Chokecherries are a native fruit about the size of a pea that hang in clusters from bushes that are common along the roadsides.  I assume they get their name because they look like small cherries, and they are quite bitter.  Combined with sufficient amounts of sugar, however, their flavor is excellent and the fruit is often used in jelly, syrup, and wine.  In fact, we picked about 5 gallons of them last week when they were at their peak, after a hard frost.
                Competition for chokecherries is intense, with birds, bears, and humans all eager for them.  Black bears are especially obvious in their consumption, and they are often seen in the middle of chokecherry bushes clawing the bunches of berries into their mouths.
                As I said, the berries themselves are pea-sized, and their pits are about the size of a corn – not much fruit around the seed!  Bears scoop them in whole and let their digestive system sort it out, so their piles of scat are filled with pits.

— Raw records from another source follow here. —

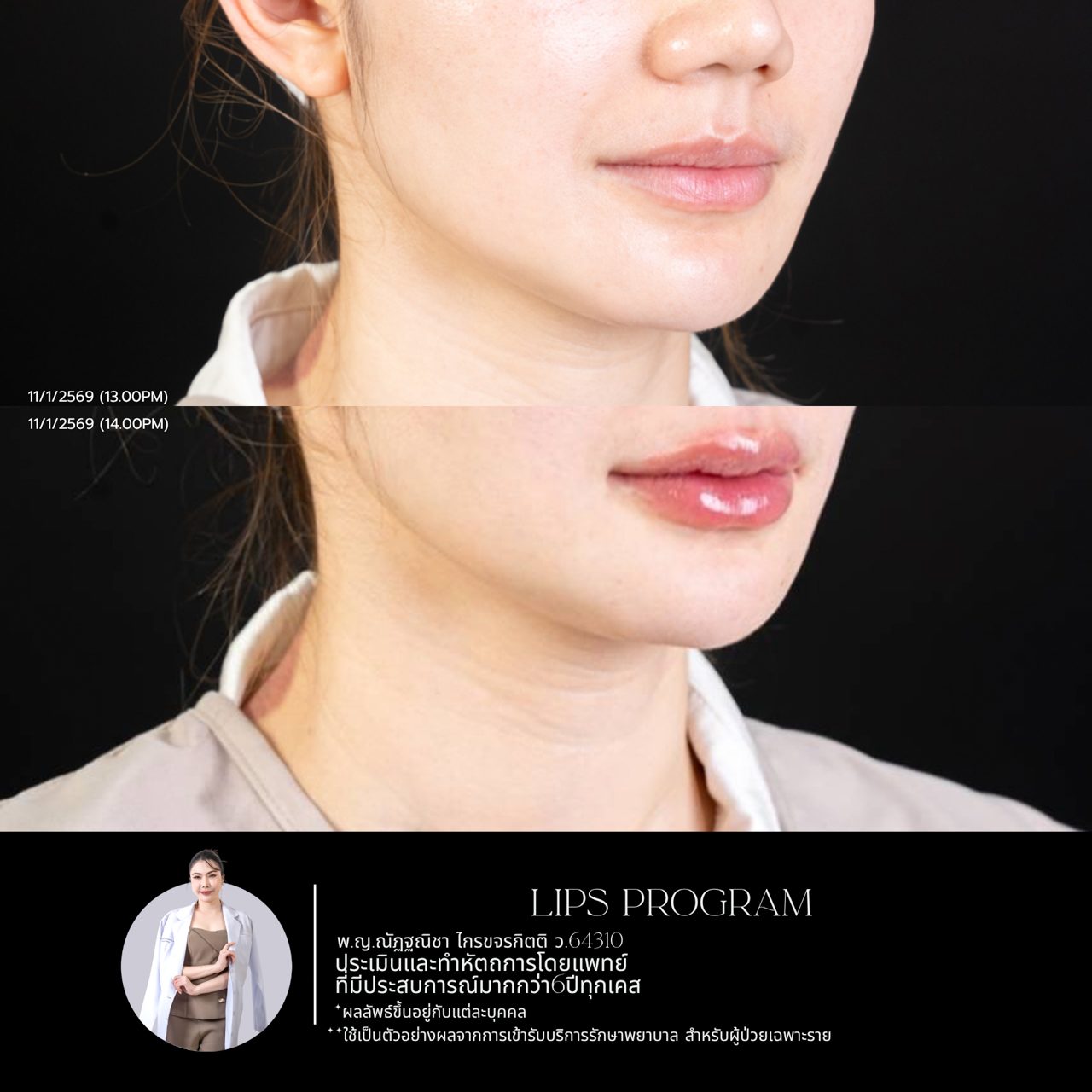 ภาพ Before-After ฟิลเลอร์ริมฝีปาก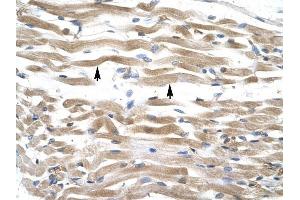 KIFC2 antibody was used for immunohistochemistry at a concentration of 4-8 ug/ml to stain Skeletal muscle cells (lndicated with Arrows) in Human Muscle.
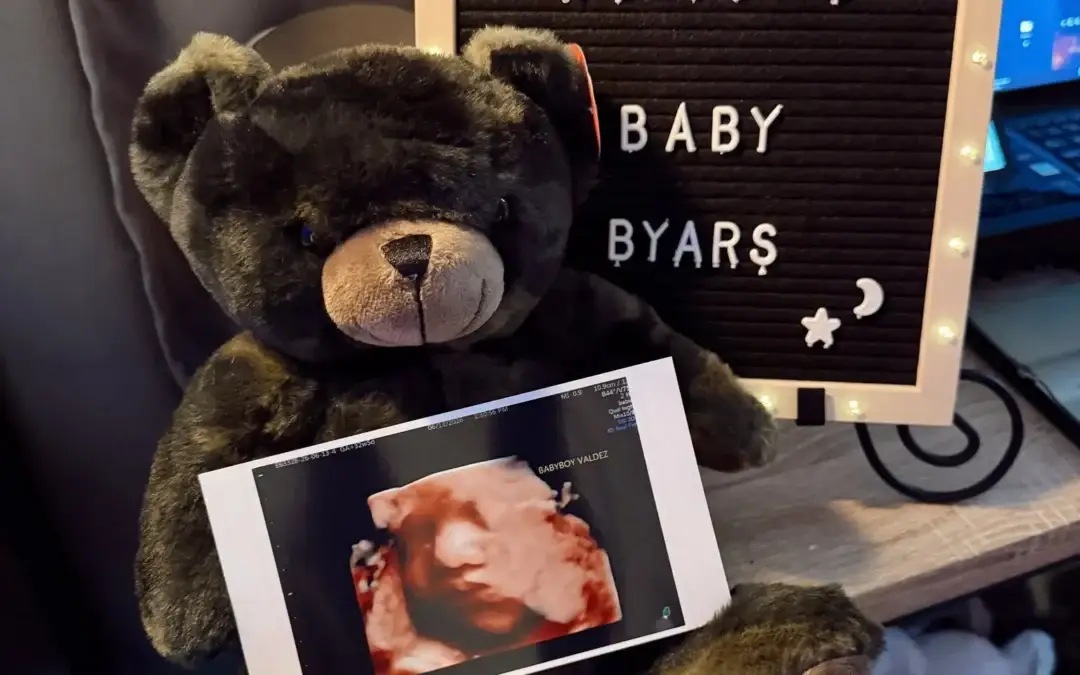 3D Ultrasound Packages and Pricing: What to Know Before You Book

                Native Americans used them, sometimes pounding them together with jerky to make “pemmican”.  Chokecherry syrup will turn the worst batch of pancakes into a feast.  And the wine warms the soul!
                Bears are not at all discrete during their fall forage.  They are intent on building up enough fat to carry them through hibernation.  Bears will climb into an apple tree or chokecherry bush, breaking branches without compunction, and pull everything they can reach straight into their mouths.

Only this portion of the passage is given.